● **Web page caption snippets**:
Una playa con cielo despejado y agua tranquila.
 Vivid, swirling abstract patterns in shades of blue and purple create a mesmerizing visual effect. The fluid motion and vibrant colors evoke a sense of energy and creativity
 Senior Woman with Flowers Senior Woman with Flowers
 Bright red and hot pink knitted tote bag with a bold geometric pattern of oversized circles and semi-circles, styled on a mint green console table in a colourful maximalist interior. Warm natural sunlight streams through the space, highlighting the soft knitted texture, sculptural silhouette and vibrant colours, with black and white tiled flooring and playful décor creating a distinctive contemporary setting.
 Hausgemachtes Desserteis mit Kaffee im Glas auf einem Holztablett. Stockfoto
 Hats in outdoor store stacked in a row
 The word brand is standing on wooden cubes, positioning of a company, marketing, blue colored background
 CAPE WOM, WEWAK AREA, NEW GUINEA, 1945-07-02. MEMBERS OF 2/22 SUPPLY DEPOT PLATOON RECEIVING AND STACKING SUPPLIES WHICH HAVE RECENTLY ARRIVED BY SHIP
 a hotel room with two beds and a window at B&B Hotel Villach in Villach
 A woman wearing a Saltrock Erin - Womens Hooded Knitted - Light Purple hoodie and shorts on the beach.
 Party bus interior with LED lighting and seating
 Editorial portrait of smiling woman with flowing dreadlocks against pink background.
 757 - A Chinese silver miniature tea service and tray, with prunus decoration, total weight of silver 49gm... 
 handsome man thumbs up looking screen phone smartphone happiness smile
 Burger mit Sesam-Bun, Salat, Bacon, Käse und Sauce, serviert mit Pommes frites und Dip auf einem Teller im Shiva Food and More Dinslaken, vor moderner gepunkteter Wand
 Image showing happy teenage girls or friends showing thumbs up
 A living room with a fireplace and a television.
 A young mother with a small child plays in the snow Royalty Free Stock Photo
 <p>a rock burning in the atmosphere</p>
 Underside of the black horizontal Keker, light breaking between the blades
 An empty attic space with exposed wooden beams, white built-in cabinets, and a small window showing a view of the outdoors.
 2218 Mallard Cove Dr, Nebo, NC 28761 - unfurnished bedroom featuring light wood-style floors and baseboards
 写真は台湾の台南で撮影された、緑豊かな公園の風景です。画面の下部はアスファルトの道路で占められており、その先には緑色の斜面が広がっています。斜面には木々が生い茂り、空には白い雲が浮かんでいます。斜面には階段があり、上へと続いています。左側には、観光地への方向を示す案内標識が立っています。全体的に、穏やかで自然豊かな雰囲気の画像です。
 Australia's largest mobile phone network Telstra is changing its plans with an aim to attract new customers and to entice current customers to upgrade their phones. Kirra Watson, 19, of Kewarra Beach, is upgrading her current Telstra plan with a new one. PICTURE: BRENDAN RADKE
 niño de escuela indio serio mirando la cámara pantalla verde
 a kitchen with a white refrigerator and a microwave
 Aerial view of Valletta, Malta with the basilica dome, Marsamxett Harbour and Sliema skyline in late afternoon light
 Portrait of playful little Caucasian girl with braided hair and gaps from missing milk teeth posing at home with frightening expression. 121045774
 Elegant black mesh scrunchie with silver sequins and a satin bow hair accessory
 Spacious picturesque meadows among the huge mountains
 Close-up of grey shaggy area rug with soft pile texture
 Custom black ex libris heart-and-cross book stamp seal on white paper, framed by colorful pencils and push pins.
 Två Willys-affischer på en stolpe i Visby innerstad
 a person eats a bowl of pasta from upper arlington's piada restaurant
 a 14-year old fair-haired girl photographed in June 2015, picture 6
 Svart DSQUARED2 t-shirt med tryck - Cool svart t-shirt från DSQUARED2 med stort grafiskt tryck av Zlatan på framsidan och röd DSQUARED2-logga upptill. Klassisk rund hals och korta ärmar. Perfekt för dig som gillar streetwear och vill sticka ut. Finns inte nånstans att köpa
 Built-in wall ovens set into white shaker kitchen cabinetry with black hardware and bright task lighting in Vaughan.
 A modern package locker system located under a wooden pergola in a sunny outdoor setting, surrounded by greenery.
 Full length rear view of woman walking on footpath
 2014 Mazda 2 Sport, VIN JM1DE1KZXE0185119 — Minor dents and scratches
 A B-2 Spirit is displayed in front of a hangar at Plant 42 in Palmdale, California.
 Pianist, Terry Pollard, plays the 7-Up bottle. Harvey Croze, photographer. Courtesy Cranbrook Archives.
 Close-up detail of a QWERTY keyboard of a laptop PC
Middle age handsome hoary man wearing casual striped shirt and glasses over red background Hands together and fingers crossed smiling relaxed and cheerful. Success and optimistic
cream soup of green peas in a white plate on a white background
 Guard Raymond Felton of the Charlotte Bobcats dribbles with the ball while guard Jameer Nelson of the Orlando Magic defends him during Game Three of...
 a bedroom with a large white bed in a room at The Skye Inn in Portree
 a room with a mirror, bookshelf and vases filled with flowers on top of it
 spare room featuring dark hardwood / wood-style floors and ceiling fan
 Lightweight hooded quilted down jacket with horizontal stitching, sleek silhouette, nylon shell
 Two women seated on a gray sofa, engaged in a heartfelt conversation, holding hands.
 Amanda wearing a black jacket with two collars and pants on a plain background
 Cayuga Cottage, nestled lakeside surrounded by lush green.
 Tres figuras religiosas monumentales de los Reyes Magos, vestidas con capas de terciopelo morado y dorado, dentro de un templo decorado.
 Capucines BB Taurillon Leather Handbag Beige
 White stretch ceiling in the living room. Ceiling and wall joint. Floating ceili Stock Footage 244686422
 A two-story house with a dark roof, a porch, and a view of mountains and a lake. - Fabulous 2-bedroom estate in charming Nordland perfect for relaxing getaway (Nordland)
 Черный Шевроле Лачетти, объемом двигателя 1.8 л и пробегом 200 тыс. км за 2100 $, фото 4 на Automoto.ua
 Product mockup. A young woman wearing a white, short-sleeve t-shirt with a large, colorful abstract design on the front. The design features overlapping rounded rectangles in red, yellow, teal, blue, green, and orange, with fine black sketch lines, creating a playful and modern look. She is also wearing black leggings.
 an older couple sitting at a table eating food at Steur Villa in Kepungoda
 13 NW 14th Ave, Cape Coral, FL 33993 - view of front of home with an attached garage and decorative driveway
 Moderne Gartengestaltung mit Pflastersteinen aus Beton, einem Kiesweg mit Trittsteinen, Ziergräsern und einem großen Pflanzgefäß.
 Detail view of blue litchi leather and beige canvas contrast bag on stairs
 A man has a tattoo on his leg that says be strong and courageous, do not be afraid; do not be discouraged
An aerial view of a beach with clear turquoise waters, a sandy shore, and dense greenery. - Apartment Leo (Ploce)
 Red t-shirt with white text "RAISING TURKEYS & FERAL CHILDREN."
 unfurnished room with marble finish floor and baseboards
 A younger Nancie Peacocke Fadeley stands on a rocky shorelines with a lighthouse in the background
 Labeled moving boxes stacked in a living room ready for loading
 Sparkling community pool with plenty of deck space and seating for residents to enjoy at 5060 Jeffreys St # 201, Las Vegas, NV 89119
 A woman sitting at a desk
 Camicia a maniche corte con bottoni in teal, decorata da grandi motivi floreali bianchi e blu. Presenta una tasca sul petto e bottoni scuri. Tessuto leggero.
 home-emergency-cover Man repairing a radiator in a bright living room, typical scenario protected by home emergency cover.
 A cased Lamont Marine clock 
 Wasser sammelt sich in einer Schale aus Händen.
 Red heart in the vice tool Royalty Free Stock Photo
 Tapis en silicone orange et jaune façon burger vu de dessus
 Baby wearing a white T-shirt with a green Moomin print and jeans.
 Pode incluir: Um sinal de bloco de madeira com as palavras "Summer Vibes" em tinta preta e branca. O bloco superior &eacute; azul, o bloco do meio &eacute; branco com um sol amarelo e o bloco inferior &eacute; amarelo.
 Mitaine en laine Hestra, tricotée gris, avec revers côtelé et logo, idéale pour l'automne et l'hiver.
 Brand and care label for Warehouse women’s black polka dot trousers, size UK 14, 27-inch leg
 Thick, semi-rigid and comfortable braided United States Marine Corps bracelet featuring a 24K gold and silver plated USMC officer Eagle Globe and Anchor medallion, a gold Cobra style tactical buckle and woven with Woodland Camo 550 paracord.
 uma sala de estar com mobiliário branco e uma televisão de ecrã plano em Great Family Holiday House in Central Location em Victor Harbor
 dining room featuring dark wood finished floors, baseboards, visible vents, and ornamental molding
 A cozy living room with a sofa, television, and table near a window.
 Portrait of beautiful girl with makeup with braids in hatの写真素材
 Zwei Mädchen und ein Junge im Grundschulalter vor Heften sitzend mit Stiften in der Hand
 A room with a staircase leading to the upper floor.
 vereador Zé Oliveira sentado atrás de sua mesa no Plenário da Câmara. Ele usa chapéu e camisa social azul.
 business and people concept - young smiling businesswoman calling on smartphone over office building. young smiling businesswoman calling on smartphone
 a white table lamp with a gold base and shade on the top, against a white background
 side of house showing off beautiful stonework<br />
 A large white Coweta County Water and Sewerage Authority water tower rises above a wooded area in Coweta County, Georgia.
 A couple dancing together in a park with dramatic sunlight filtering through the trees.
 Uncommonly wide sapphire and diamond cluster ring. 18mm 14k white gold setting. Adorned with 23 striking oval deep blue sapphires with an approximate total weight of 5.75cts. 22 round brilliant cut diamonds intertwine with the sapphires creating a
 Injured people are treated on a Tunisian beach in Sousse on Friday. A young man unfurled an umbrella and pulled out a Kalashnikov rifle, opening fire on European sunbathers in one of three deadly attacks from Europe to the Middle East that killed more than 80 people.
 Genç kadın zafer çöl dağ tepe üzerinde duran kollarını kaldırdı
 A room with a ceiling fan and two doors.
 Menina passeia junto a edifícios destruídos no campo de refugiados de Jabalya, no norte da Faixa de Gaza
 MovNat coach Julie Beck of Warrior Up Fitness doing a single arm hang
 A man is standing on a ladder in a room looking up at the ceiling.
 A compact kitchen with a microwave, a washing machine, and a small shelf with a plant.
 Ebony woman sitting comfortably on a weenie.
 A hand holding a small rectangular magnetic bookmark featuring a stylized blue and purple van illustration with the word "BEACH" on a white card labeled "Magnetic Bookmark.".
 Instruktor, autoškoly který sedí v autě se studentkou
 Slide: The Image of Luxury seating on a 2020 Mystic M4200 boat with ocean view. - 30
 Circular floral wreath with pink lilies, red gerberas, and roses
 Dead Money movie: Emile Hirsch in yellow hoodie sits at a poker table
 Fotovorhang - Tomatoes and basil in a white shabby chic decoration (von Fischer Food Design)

● **What to do**:
Your answer must be a single number: the count of lines above that hold the word "front".

● **Answer box**:
3